The bank’s CASA ratio, which represents the proportion of low-cost deposits stood at 22.72% by 31 December 2019. Part of the bank’s advance portfolio is funded through long-term concessionary credit lines enjoyed by the bank for a long period and when consider these concessionary term borrowings, the ratio is improved to 28.96% as at 31 December 2019.

  • Capital Management: In order to support future growth as a full-service retail bank with a development banking focus, the bank has consistently maintained a capital ratio above the Basel III minimum capital requirements. As at 31 December 2019, the bank recorded Tier 1 and total capital adequacy ratios of 11.34% and 15.81%, respectively, which is well above the minimum regulatory requirements of 8.5% and 12.5%, respectively.
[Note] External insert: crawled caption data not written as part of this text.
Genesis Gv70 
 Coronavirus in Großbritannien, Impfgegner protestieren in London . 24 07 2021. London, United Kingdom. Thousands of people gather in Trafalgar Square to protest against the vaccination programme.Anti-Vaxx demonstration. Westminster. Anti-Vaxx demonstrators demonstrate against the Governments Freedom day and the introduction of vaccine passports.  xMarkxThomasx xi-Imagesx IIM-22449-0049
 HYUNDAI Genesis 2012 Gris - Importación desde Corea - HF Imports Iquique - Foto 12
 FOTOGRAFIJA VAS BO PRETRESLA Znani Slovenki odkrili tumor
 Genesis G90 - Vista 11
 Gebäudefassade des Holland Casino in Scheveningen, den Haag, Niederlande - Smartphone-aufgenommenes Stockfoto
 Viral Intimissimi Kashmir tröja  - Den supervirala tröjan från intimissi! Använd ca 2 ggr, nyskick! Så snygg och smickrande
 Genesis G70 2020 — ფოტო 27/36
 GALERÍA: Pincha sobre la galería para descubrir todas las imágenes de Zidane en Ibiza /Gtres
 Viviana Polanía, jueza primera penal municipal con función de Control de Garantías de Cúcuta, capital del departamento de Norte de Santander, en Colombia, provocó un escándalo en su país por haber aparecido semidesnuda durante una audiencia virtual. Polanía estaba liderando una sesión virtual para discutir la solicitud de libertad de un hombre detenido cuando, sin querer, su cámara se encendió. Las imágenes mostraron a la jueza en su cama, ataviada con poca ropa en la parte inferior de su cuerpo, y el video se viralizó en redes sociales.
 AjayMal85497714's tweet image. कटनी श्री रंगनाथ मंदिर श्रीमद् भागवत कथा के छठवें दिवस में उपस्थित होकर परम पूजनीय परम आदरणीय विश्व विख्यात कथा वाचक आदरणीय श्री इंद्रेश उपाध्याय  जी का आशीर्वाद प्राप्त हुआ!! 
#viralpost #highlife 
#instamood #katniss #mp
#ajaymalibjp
DFCC Bank said it continues to aggressively pursue its role as a commercial bank by strengthening its core business, creating momentum in the industry with its constantly evolving best in class offerings and creating a culture of service amongst its people.

CEO Lakshman Silva said: “DFCC Bank, The Bank for Everyone, is well-positioned to serve the nation as a full-service commercial bank through a range of financial services that will promote wealth creation across the country. 

“Going beyond traditional banking, we have embraced Digitalisation focusing on becoming the best customer centric and digitally enabled retail bank in 2025. While enabling best experiences for our customers by creating convenience through digital footprints, we have focused on making our employees also digitally empowered to support the initiative introduced by Central Bank in order to enhance the digitally driven culture.”

The Group comprises of DFCC Bank PLC (DFCC), and its subsidiaries – Lanka Industrial Estates Ltd. (LINDEL), DFCC Consulting Ltd. (DCPL), and Synapsys Ltd. (SL), the joint venture company – Acuity Partners Ltd. (APL); and the associate company – National Asset Management Limited (NAMAL).